The Adastra machine will be a big step up in performance, and will consist of a CPU-only cluster as CINES has used in the past as well as a hybrid CPU-GPU cluster that we presume will offer a lot of the aggregate computing capacity of the system. In essence, the CPU-only machine partition on the machine will be able to run the existing workloads at CINES.

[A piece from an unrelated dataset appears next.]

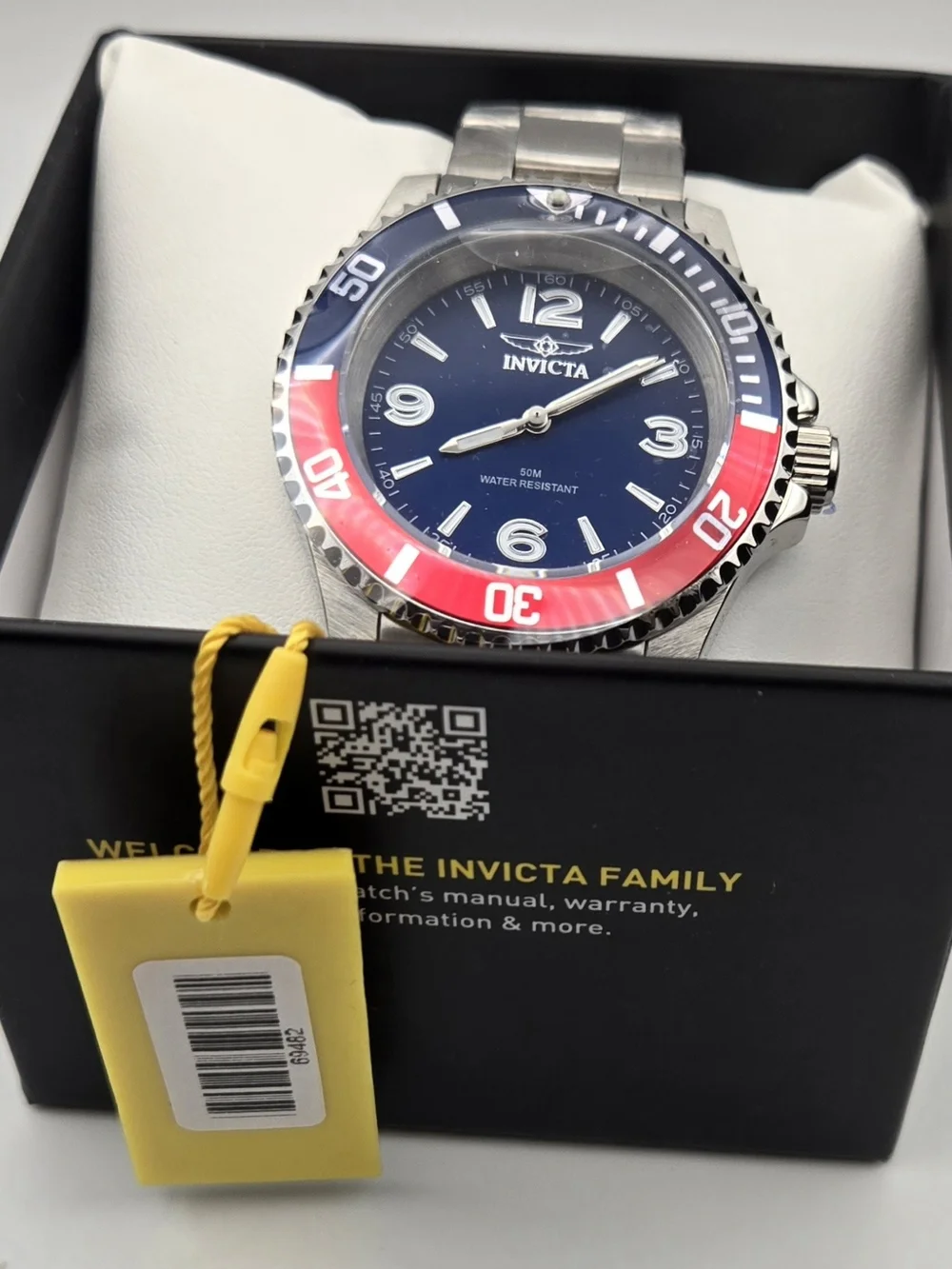 Invicta 69482 Men's Quartz Watch Blue Dial Red Rowan Pepsi Stainless Steel New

The exact feeds and speeds of the two partitions were not divulged, but we strongly suspect that the CPU-only portion of the machine will have a fairly large bump in core count and throughput performance, something on the order of maybe 5 petaflops to 6 petaflops at least. Maybe more. What we do know is that this CPU-only partition will be based on the future “Genoa” Epyc 7004 processors from AMD, which come out around the middle of next year, and will have nodes with 768 GB of main memory and one 200 Gb/sec Cray Slingshot 11 interconnect per node. If we were looking for TCO savings, as GENCI and CINES are doing for sure, these would be dense-packed single-socket nodes, something in the middle bin range as it has done in the past to drive TCO. If Genoa has a maximum of 96 cores, then maybe Adastra’s CPU-only partition will use 48-core processors in a single socket node. But it says it will be based on Epyc “processors” plural, so maybe it will be some low-bin parts, such as a pair of 32-core chips that are very affordable and that will have lots of memory slots on them and therefore very low-capacity memory sticks can supply the capacity and a lot of bandwidth, too.

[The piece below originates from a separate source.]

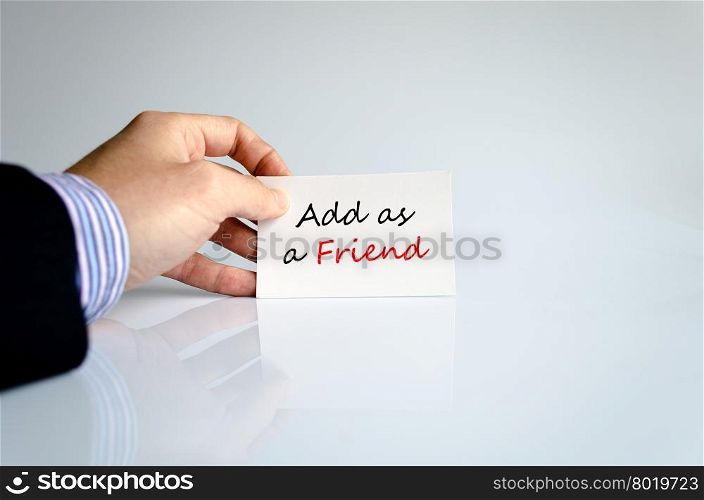 Add as a friend text concept isolated over white background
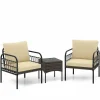 Tangkula 3 Pieces Patio Wicker Furniture Set, Outdoor Conversation Bistro Set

The second partition, which has GPU acceleration, sounds like it will look like a slightly upgrade variant of the nodes used in the “Frontier” supercomputer being installed at Oak Ridge National Laboratory right now. This second partition of Adastra will have a custom “Milan” Epyc 7003 processor with 256 GB of main memory and four of the new “Aldebaran” Instinct MI250X GPU accelerators, which each have 128 GB of HBM2E stacked memory on them, and four 200 Gb/sec Slingshot 11 network interface cards linking the GPUs directly to the Slingshot network (as the Frontier supercomputer does).
The first all-CPU partition is expected to be installed in the spring of 2022, with the remaining CPU-GPU nodes coming in the fourth quarter of 2022. (Which is odd considering that Milan processors are available now and Instinct MI200 GPU accelerators are ramping now, but Genoa CPUs are coming later. . . . )
The Adastra system will have a hybrid file system based on Cray ClusterStor E1000 arrays running Lustre, including a 2 PB partition based on flash storage that delivers 1.3 TB/sec of throughput and a 24 PB partition based on disk drives that delivers 250 GB/sec of throughput. That disk-only Lustre file system has 2.5X as much throughput as the Lustre storage attached to the current Occigen 2 supercomputer and 4.8X as much capacity.
What is interesting is that the Adastra system will have more than 20X the peak theoretical performance as the Occigen 2 machine, but at 1.6 megawatts of power, will only burn around 60 percent more power than the Occigen 2 supercomputer. That’s what five years of an even weakened Moore’s Law coupled to a change in architecture to at least some GPU acceleration can do.
As part of the Adastra deal, AMD is working with GENCI and CINES to port applications to the ROCm programming environment for GPU acceleration, including the HIP clone of Nvidia’s CUDA as well as OpenMP parallel threading for CPUs and GPUs.